Была удивительная история с юбилеем Владимира Михайловича Минина, когда мне позвонила директор его коллектива и сказала, что Минину исполняется девяносто лет: «Мы обращаемся к ряду композиторов, чтобы они написали сочинение исключительно для хора а капелла». Я ей говорю о своей работе, над которой я давно работаю, что там есть рок-музыка. Она мне говорит: «Вы понимаете, о чем вы говорите? Ему девяносто лет». Я сказал: «Да, я понимаю все». Она посчитала это неуместным, на том и расстались. А через три дня она опять звонит: «Владимир Михайлович согласен». Тогда и поехало. За десять месяцев Реквием просто был готов, поскольку ранее было обдумано и накоплено много материала. Но на этом сложности не закончились. Я там нарушил стандарт. По канону месса обычно заканчивается Agnus Dei. Я решил написать Sanctus Benedictus — «Во славу Господа нашего Иисуса Христа». Все идет в прославление Бога, потому что жизнь вечна. Минин сначала сильно сомневался, но потом согласился. Так и пошло, и уже больше вопросов не возникало.
— Какая будет ваша следующая монументальная работа?
— Дело в том, что я сейчас оцениваю свое состояние. В планах у меня остался незаконченный концерт для скрипки. И концерт для фортепиано — давнишняя история. Одну часть написал, а вторую никак не соберусь. Есть у меня замысел, но я уже боюсь это начинать — Гессе «Степной волк». Задумывали вместе с Павлом Грушко. Он давно в Штатах, но мы начинали с ним в Москве. Он вернулся и привез сценарий. Я начал работать — все со стихами, все замечательно. Меня это захватило. В свое время я уже обращался к Юрию Ряшенцеву с предложением написать либретто к опере по этому роману. Он говорит: «Да нет, эта вещь не театральная. Ты посмотри, сколько занимают рассуждения с Гёте, с Моцартом, отступления вообще о смысле жизни. Как это сделать? Если это кто-то начнет подстригать, то получится мюзикл».
— У вас уже есть опыт с «Преступлением и наказанием» — его впервые в 2021 году поставили в Санкт-Петербурге на «Тинькофф Арене». Вы тогда сказали, что не рассчитывали услышать ее в таком виде? А что до этого было?

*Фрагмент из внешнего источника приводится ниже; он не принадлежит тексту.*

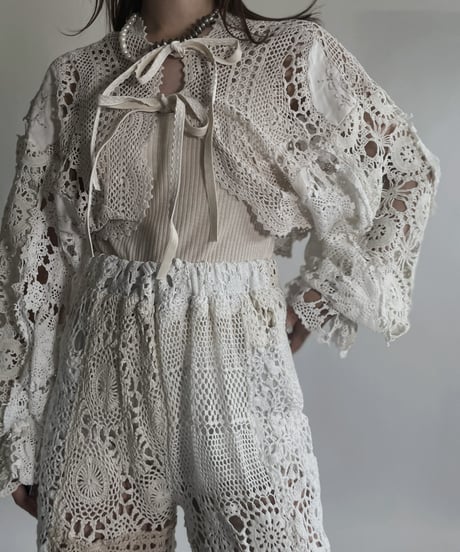 【RE;CIRCLE】 RE Crochet Bolero / 220623-017
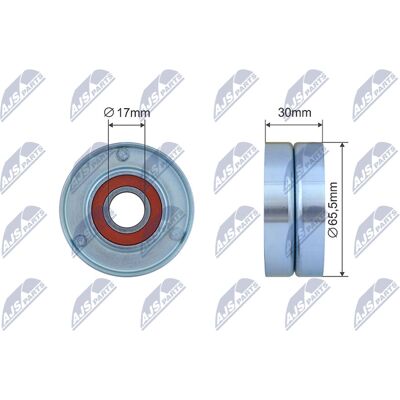 NTY RNK-RE-042 Keilrippenriemen Spannrolle - Autoersatzteile NTY RNK-RE-042 Keilrippenriemen Spannrolle - Autoersatzteile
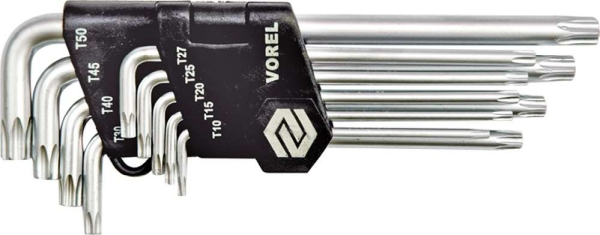 Set 9 chei imbus torx, T10-T50. VOREL [1]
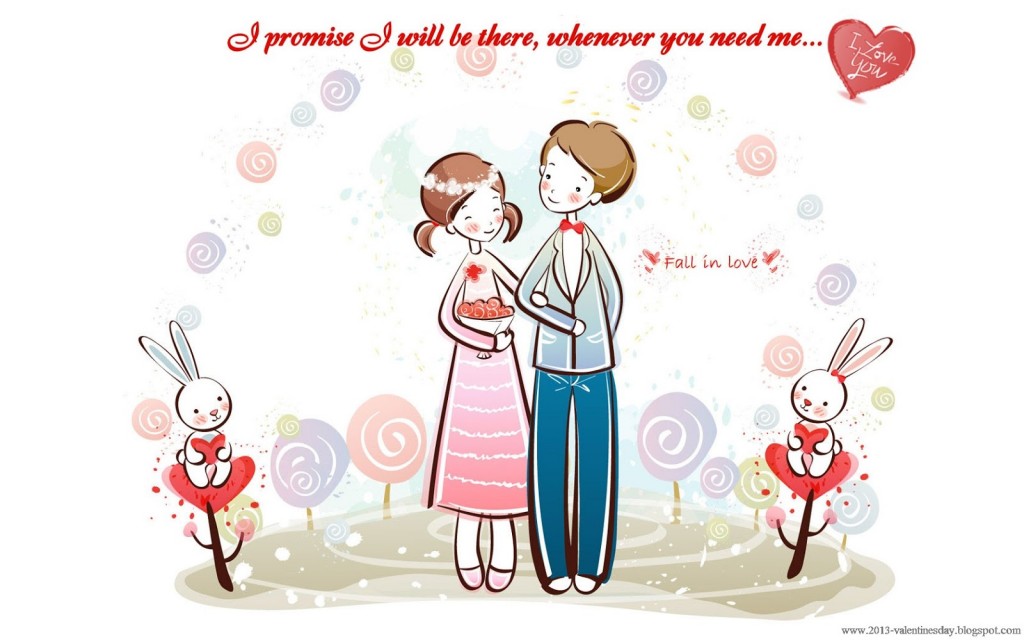 cute valentines day Cartoon Couple love (4)
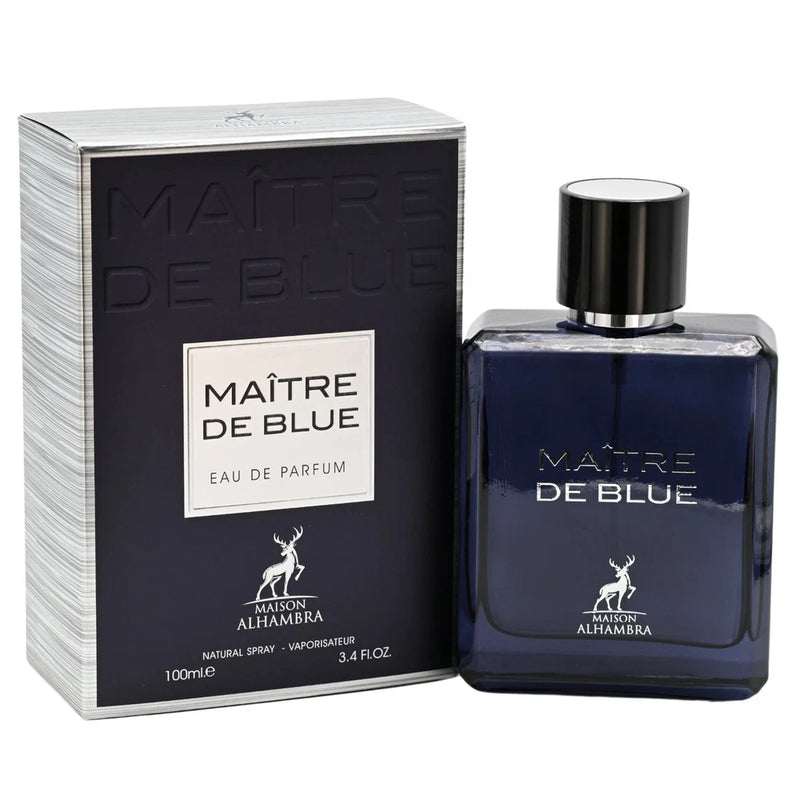 Maitre De Blue by Maison Alhambra for men EDP 3.3 / 3.4 oz New in Box EDP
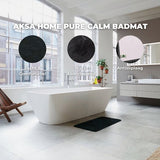 AKSA Home® Badmat 50x80 cm - Douchemat antislip - Badmat antislip - Badkamermat - Vloerkleed - Zwart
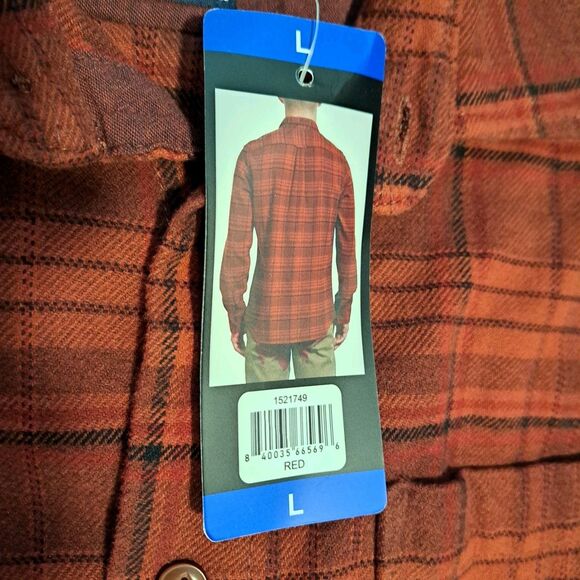 Grayers Men's Heritage Flannels Long Sleeve Shirt Red Plaid Large NWT - Picture 4 of 8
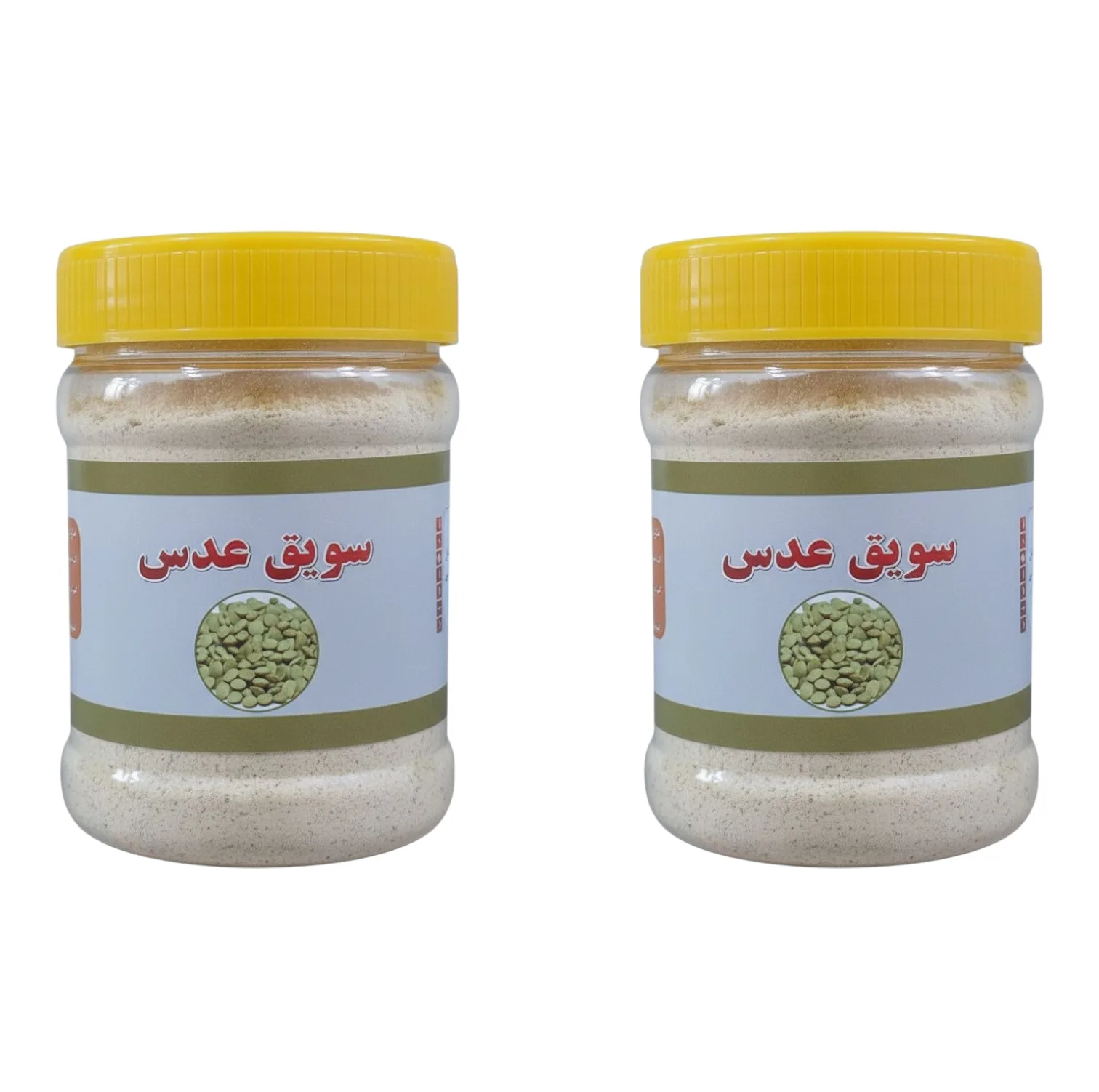 سویق عدس - ۲۵۰ گرم بسته دو عددی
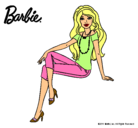 Dibujo Barbie moderna pintado por agela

— Дело в том, что Кончаловский вместе с продюсером Александром Вайнштейном пытались поставить ее на московской сцене. Но ничего не получалось. Нужны рок-певцы, набор электроники большой оркестр, хор. Кончаловский позвонил: «Слушай, я не могу ничего пробить. Везде как бы и отказа нет, все рады, но в итоге — уход от проблем». Предложили оставить лишь академическую музыку. Но дело в том, что там нет стиля, там все разбито на эпизоды. Пока я однажды не пришел к выводу, что нужно идти от Достоевского. Через Сенную площадь Раскольников шел к себе, там звучала шарманка, кто-то пел, играл на гармошке, бабы кричали, кто-то плясал. Тут мне все стало ясно. Вот так прямо — гармошками, натуральными инструментами — надо будет выплескивать эту жизнь. Тогда все стало получаться. Кончаловский попрощался с идеей ставить в Москве. Говорит: «Надо всю классику бросить, оставить только рок». Я сказал: «Ничего не буду делать, делайте сами». Они начали делать. Потом говорит: «Приди посмотри, что мы делаем. А то потом будешь говорить, что тебе не нравится». Я пришел, послушал. Меня действительно все это крайне разочаровало: маленький оркестр, там десять синтезаторов, остальные по одному инструменту. Вот такая история. А в Питере все было сделано, как я хочу, без всяких ограничений. Здесь Вайнштейн пошел на страшные расходы. Вообще-то, двести семьдесят тысяч долларов стоила запись.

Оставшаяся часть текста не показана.